So comparisons between How to Destroy Angels and Nine Inch Nails may be inevitable or annoying, depending on your opinion, but let's get one thing straight: Welcome Oblivion is more informed by Reznor and Ross's recent work than anything else. By which I mean their soundtrack work on The Social Network and The Girl With the Dragon Tattoo in addition to the NIN all-instrumental double album released in 2008, Ghosts I-IV. The last one mentioned received mixed reviews, as though critics were looking for a 36-track, 110-minute album of numerically-titled instrumentals to be a demonstration of cohesion. The practice of building these vignettes have certainly sharpening Reznor and Ross's compositional chops to fit the silver screen. But when it comes to making music without a context, the pair has demoted themselves from industrial architects to musique concrète construction workers. It's not a hard, painful fall from the bold to the workmanlike, but it's still noticeable.
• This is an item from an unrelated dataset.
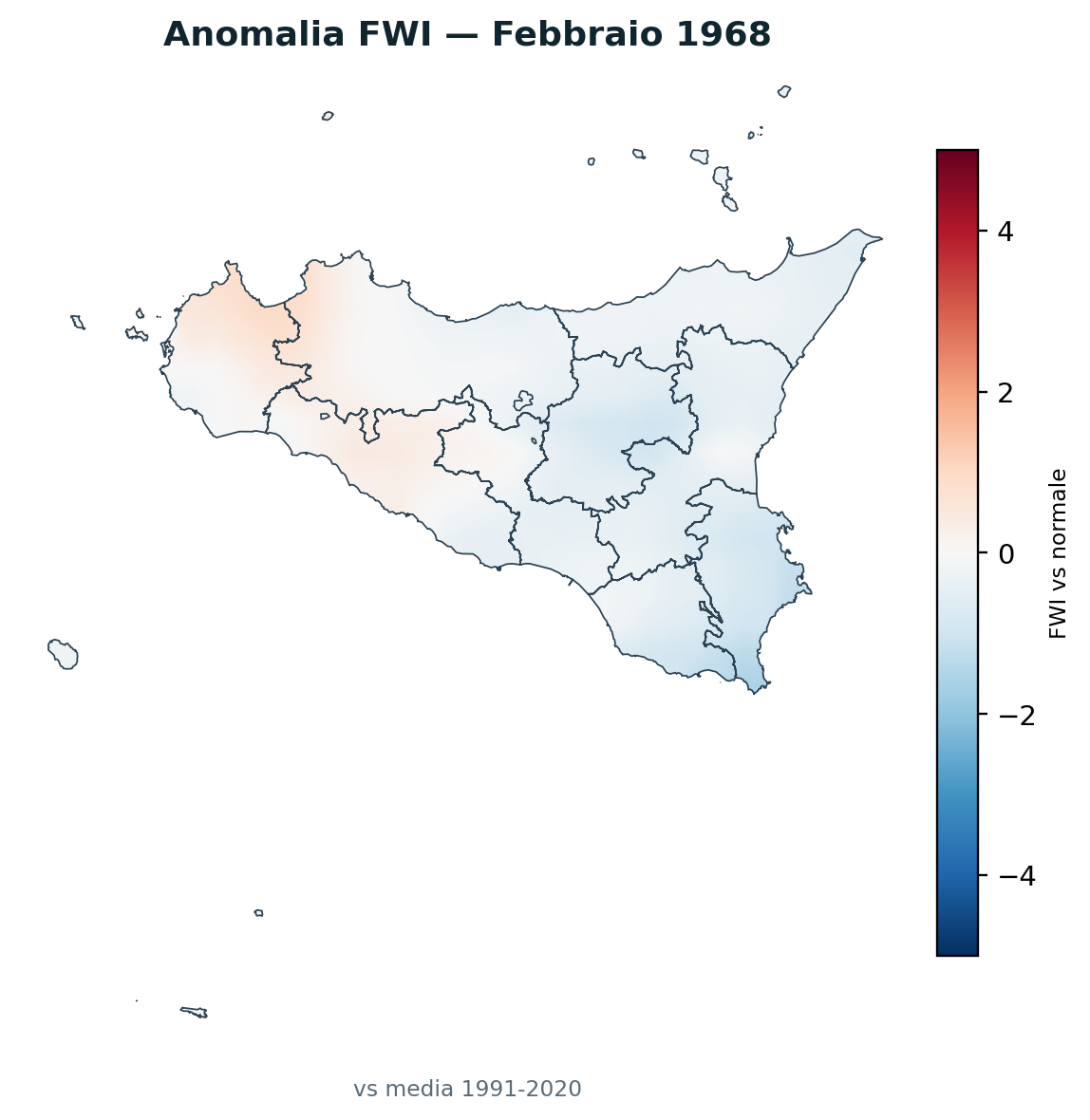 Anomalia vs normale Febbraio 1968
Welcome Oblivion stands where the fine art of establishing mood with looped cues just a few shades shy of crossing into tedium; a soundtrack in search of a film.
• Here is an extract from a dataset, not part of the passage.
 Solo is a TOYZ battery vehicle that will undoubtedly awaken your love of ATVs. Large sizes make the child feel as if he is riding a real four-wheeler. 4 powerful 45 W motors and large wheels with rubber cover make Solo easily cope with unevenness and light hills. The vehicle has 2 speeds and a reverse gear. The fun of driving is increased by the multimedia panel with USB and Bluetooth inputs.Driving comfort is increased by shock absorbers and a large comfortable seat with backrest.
Welcome Oblivion is very long. At one hour and five minutes, I realize it's not the longest album to exist, not by a long shot. But when you listen to it straight through, it feels longer than it is. One explanation for this is that the collective's 2010 EP had just a little more variety, and consequently, personality. You had your downtempo industrial dirges ("The Space in Between”) sharing space with dance-inflicted mope rock ("Fur-Lined") with a nice sampling of things that neatly fell in the middle. On most of Welcome Oblivion, the tempo and dynamics are uniformly restrained. The overall mix treats Mariqueen Maandig's voice as another instrument in the band to ride alongside all the other components, not unlike bands of the shoegaze variety. The one exception to the rule of dynamics and Maandig's compressed vocals is the single "How Long?", with a introductory chorus designed to announce the arrival of the album's centerpiece. But to refer to the song as such is misleading since it seems to artistically stand outside the rest of Welcome Oblivion. Not that its appearance derails the album, it just seems a little on the obligatory side.
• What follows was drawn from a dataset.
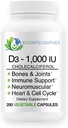 D3- 1000 IE 25 mcg (Cholecalciferol) Hypoallergen Support for Muscles, Bones & Tænder, Bryst, Prostata, Cardiovaskulær, Colon & Immunforsvar (250 Veggie Capsules)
But the filters and compressors through which Mariqueen Maandig emits her soft moans and groans aren't a deal-breaker either, especially on "Too Late, All Gone", where the platitude of choice for the chorus is "the more we change" ... wait for it ... "everything stays the same." And rounding out the choruses of "On the Wing" with "I don't believe in anything" would sound dubious to say the least had the happy couple been singing into a dry mic. Though it give us some mighty good elephant-like blares from the keyboards, "We Fade Away" also becomes Maandig's excuse to chant disputable poetry that would not go over well around a camp fire. Perhaps it's best for everyone involved to say that the lyrics are window dressing. Otherwise, "The beginning is the end / Keeps coming round again", but "How long? / Can we keep holding on?"
As the lengthy instrumental passages slowly conclude Welcome Oblivion, it's evident that Trent Reznor has not lost his attention for detail. Instead, it has gently slipped through the cracks and out of sight, off to fight another day. Whether you look at this as Reznor, Ross and Maandig's "first" album or not, Welcome Oblivion depicts How to Destroy Angels as a little adrift, mixing road-weary maturity with rookie mistakes. But hey, if experience is the best teacher, Trent Reznor should have a PhD in something by now.